Birbhum's sand mafia is pushing children and women to the frontlines of an illegal economy that is destroying the Ajay and Mayurakshi rivers.
A Birbhum river, Kopai where sandmining occurs
A birbhum river, kopai where sandmining occurs

Before the first truck reaches the Ajay river embankment at Illambazar in Birbhum, and before the JCB engine starts rumbling pre-dawn, a girl can be seen already at work. She is about 11 years old. Her job is to stand waist-deep in the shallow river, scooping out loose sand into a woven basket, which she then hauls to the stockpile near the river bank. She does this for six hours, sometimes eight, and earns between Rs 30-40 a day. The contractors who employ her do not term it child labour. They say she’s “helping the family.”

The girl is part of a vast, invisible labour pool -- mostly Santhal and other Adivasi children and women from the river-dependent villages of Birbhum -- on which the district's Rs 35-40-lakh-a-day illegal sand economy rests its foundations. The machines, the trucks, the permit racketeers, the political fixers—are all visible enough to journalists and investigators. But, the children and women at the river's edge are not.

'Helping Family': Child Labour That Nobody Counts

The sand mafia's power, as documented in The Wire's December 2025 investigation, comes from a single, cynical strategy: weaponising poverty. Poor villagers -- overwhelmingly Santhal and OBC (Other Backward Classes) families from the Rampurhat, Nanoor, Illambazar, and Dubrajpur blocks -- are drawn into the trade through wage offers that no farm economy in this rain-starved district can match. Adult males earn Rs 1,000-1,500 a day as diggers, machine operators, loaders, and night-watchmen. This is two to three times the MGNREGA (rural job guarantee scheme) wage. For families in chronic debt, it is an offer they cannot refuse.
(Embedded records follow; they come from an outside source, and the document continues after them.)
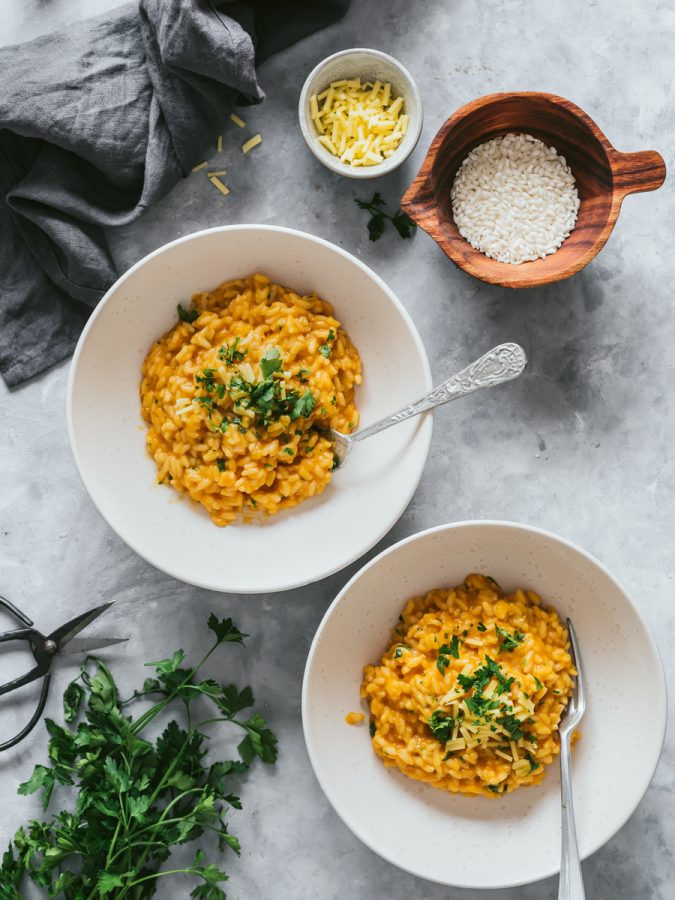 Risoto de abóbora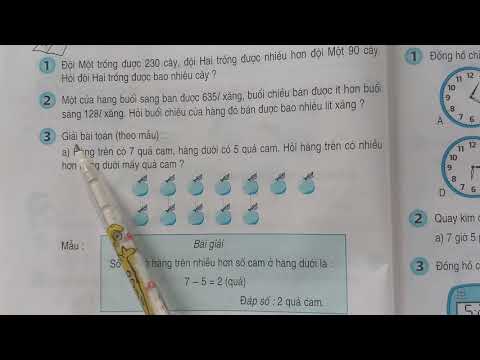 Video Toán lớp 3 trang 12: ÔN TẬP VỀ GIẢI TOÁN - youtube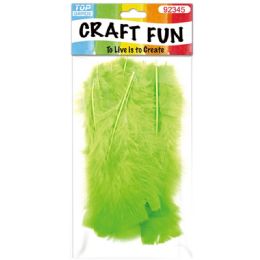 120 Pieces Diy Feather Lime Green - Pom Poms and Feathers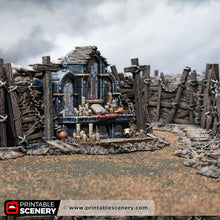 Load image into Gallery viewer, Trench Altar - Darkness &amp; Desolation - Trench Tombs - Printable Scenery - Wargaming Terrain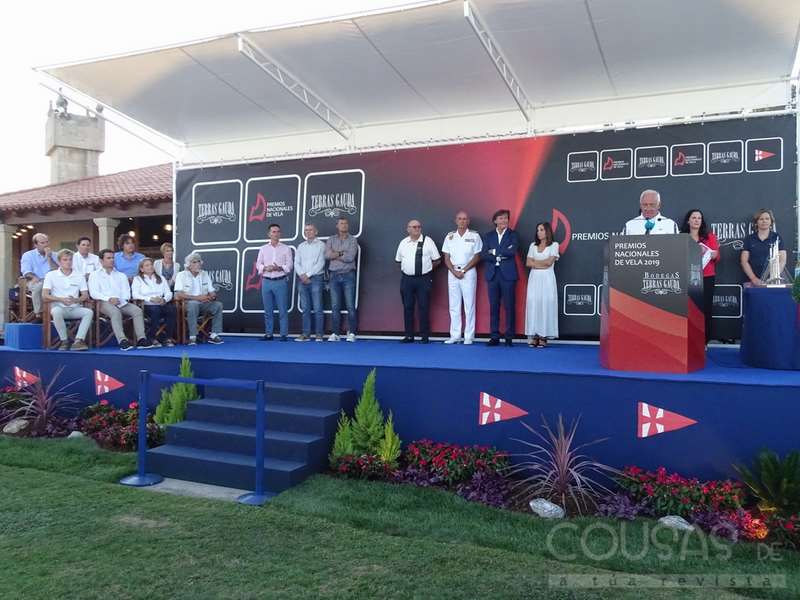 O Monte Real Club de Yates de Baiona vístese de gala para a entrega dos Premios Nacionais de Vela Terras Gauda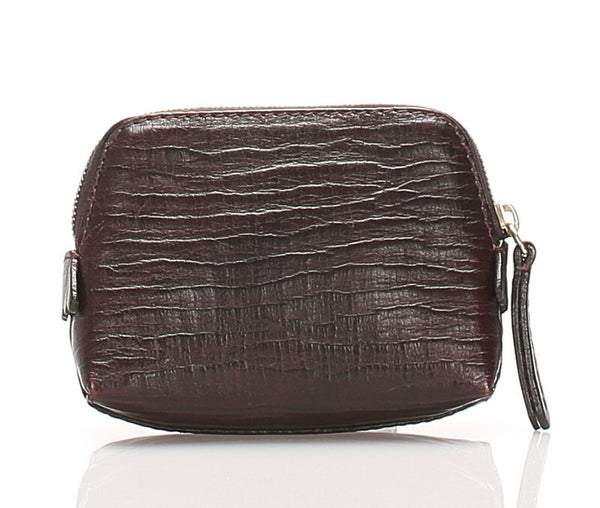 フェンディ ブラウン 茶 レザー コインケース レディース FENDI 中古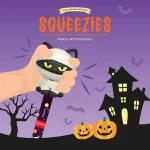 Lápiz Antiestrés de Halloween Mummy Cat «Nine Lives Later» - Squeezies Legami - Imagen 2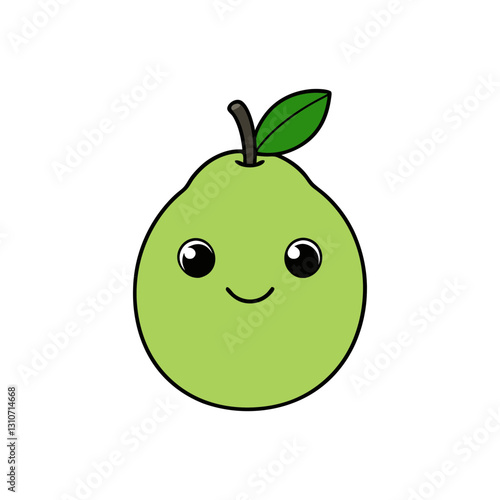 Cute guava cartoon vector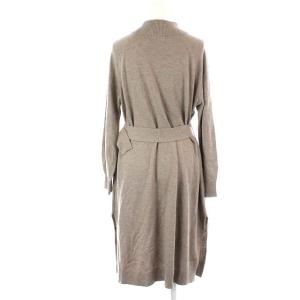 BLUE LABEL CRESTBRIDGE ワンピース ニット ロング 長袖 M ブラウン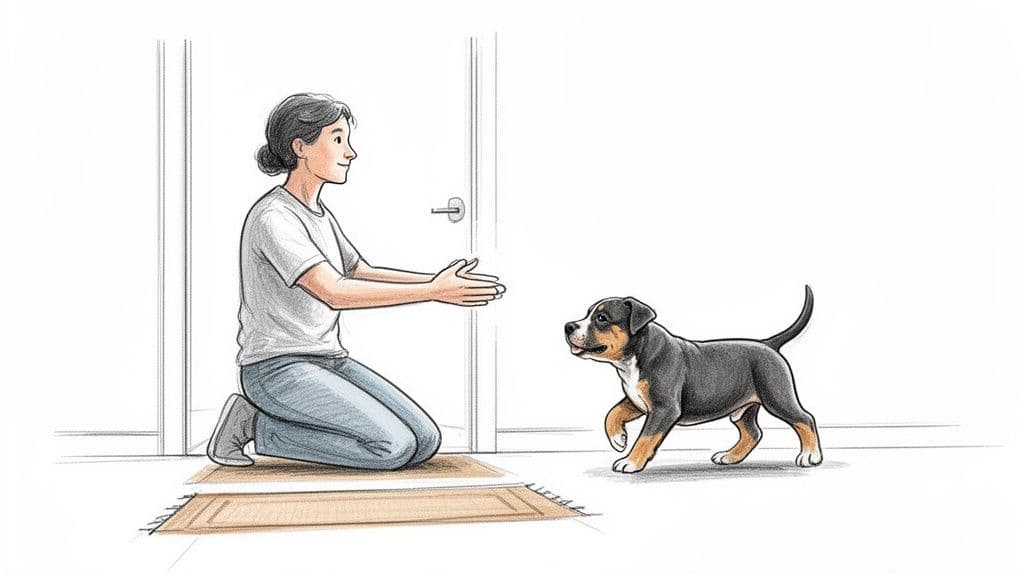 american staff chiot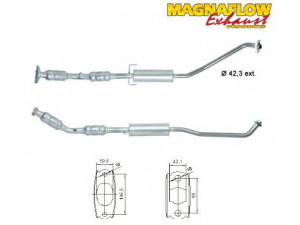 MAGNAFLOW 78008 katalizatoriaus keitiklis
174100D120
But the adult wage is only the visible part of the labour arrangement. In village after village along the Ajay and Mayurakshi rivers, children accompany their parents to the riverbeds and are absorbed into the lower rungs of the sand extraction chain.
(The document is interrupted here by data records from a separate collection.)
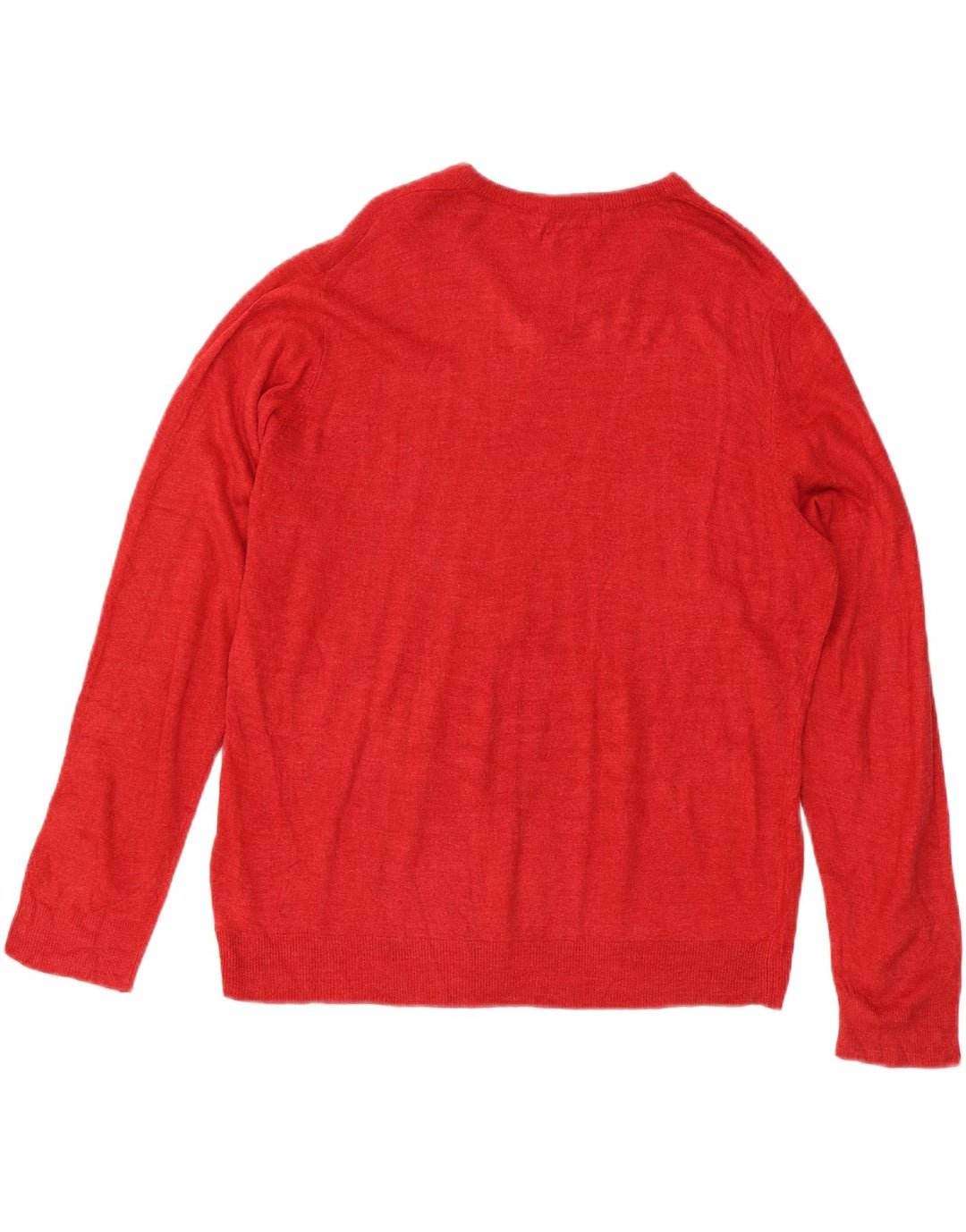Marks & Spencer Herre V-hals sweater XL Rød Akryl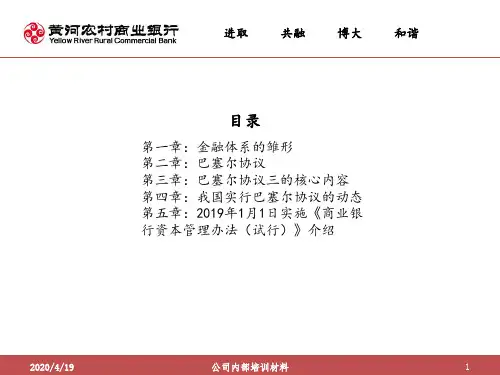 农村商业银行培训材料-40页PPT资料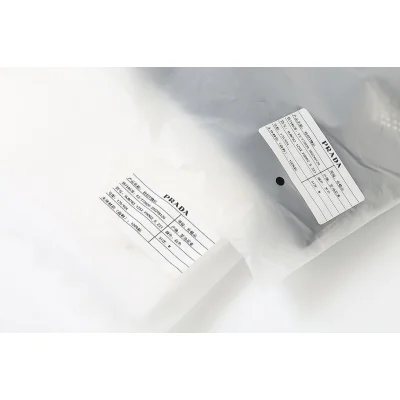 Футболка Prada Logo Made Of Beads "White" фото № 3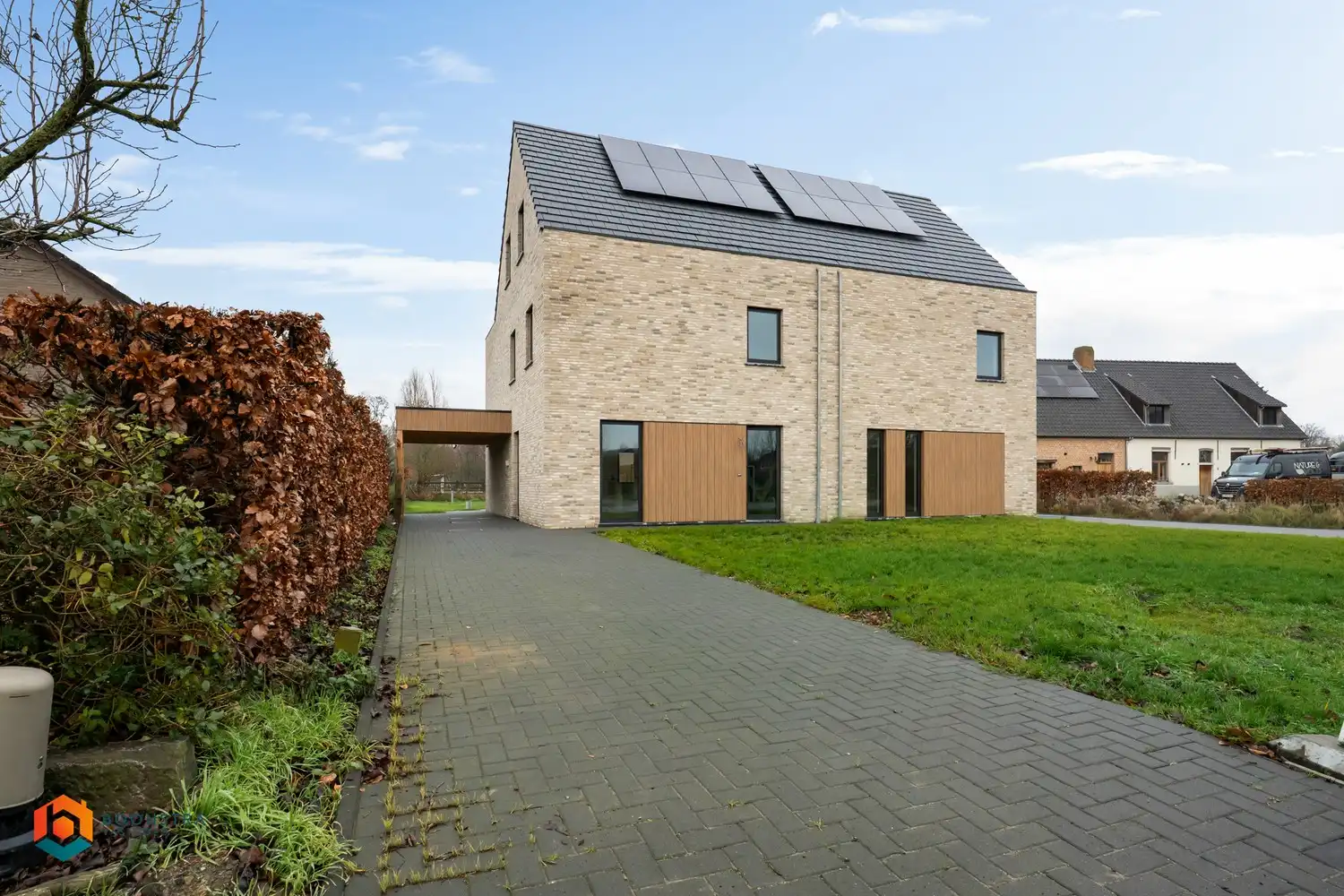 Nieuwbouw BEN-villa met 3 slpkrs op centrale ligging foto {{pictureIndex}}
Boys as young as 10 years old are deployed as lookouts -- stationed along approach roads to whistle warnings when a police vehicle is spotted. Girls carry sand in headloads from the river's edge to the stockpile, doing work that the law classifies as hazardous and that the state government is constitutionally obligated to prevent.
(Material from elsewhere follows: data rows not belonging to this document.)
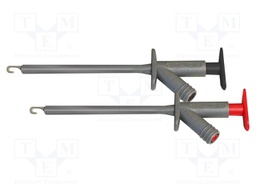 Clip-on probe; hook type; 10A; black,red; 4mm; Overall len: 150mm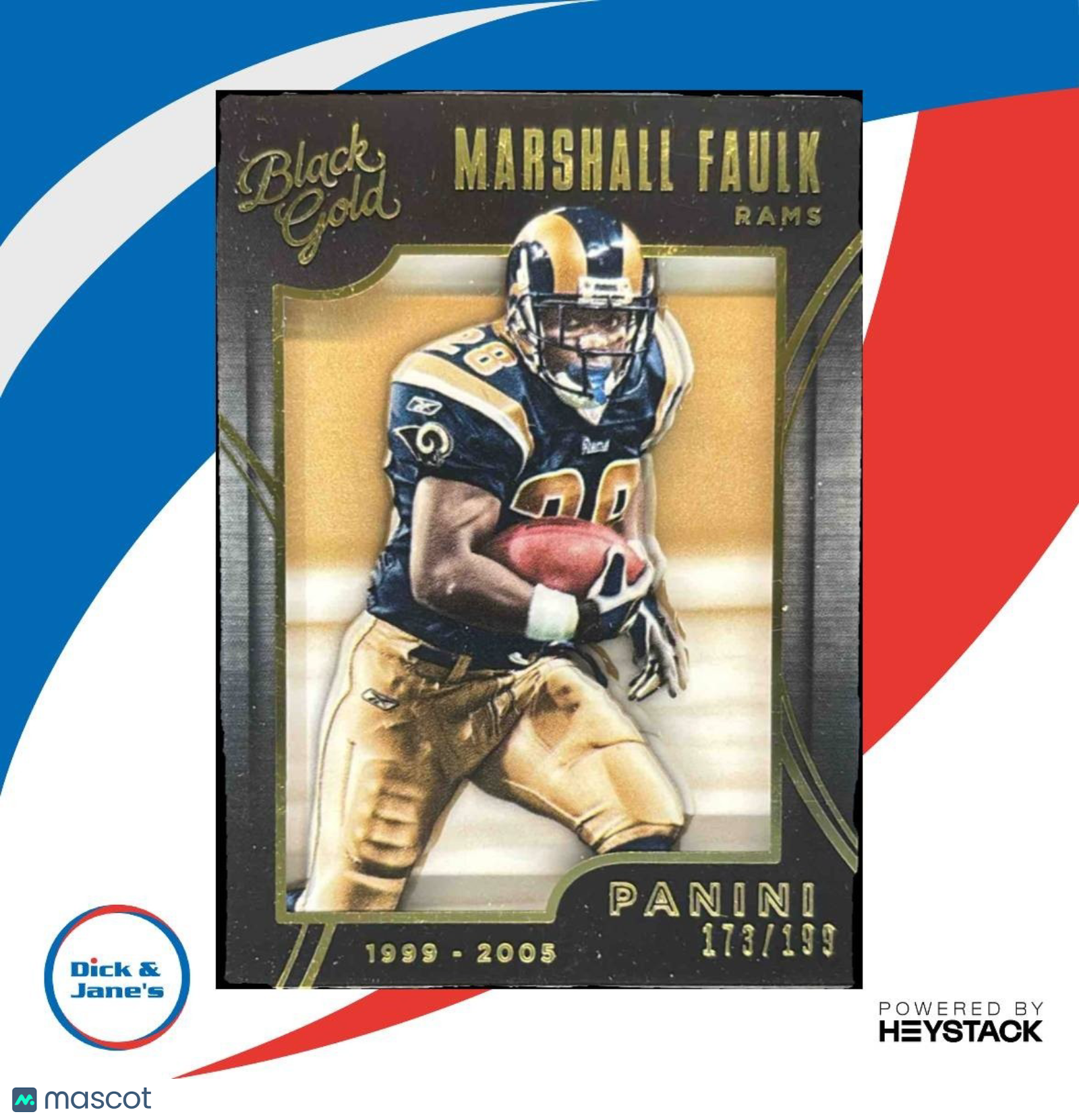 2015 Panini Black Gold Marshall Faulk /199 #59 St. Louis Rams - Sports Cards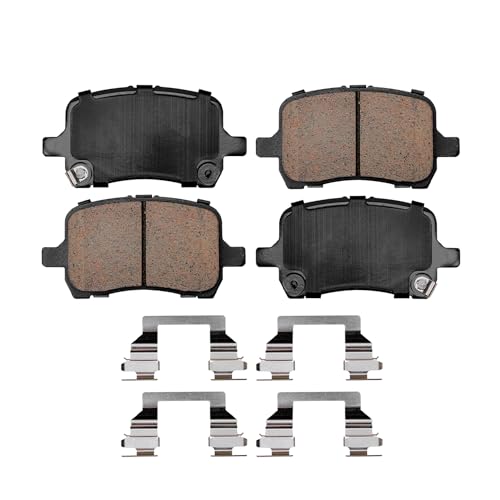 Image of Detroit Axle - Front Ceramic Brake Pads w /Hardware Replacement for Chevrolet HHR Malibu Cobalt Pontiac Pursuit G4 G5 G6 Solstice Saturn Ion Sky - 4pc Set
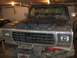 1979 Ford Bronco - This 1979 Ford Bronco is parked inside a garage with its front end facing the camera.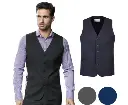 Mens Bamboo Blend Longline Vest Waistcoat w/ Stretch (Business Formal)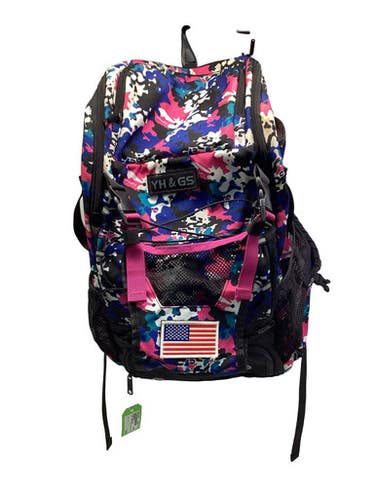 Used 2 BAT BACKPACK BB/SB Player Backpack Pink 11347-S000262696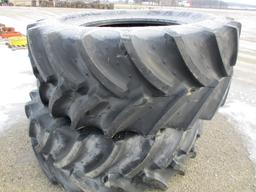 2765-(2) 710/70R38 RADIAL TIRES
Teachers from primary schools in blocks near Illambazar and Nanoor privately acknowledge that attendance drops during the dry season months of November through March -- precisely when the river levels fall, exposing the sand bars, and when the ghats are most active.

"The children don't miss school because they are lazy or indifferent," said a primary school teacher from a village near the Ajay river, requesting anonymity. "They miss school because there is money at the river. The family owes a debt to the moneylender, and the father is already at the ghat. The mother sends the child too. Nobody thinks of it as a crime. It has become seasonal work," the teacher added.

"The child doesn't know she is destroying the river. The man who owns the JCB does. He employs the child precisely because he knows no one will prosecute a family that is merely trying to survive," said the school teacher.

The Birbhum Adivasi Gaonta movement, which has strongest presence in the stone quarry and sand mining belts of Rampurhat block, has long documented this pattern. Research into the quarrying and extraction industries in Birbhum's Santhal-dominated villages confirms that the extraction economy systematically recruits from the most economically precarious households, with children constituting a significant proportion of the informal labour force. No state government survey has ever counted this workforce. No district labour department has ever filed a case of child labour in connection with sand mining in Birbhum. The children are, officially, invisible.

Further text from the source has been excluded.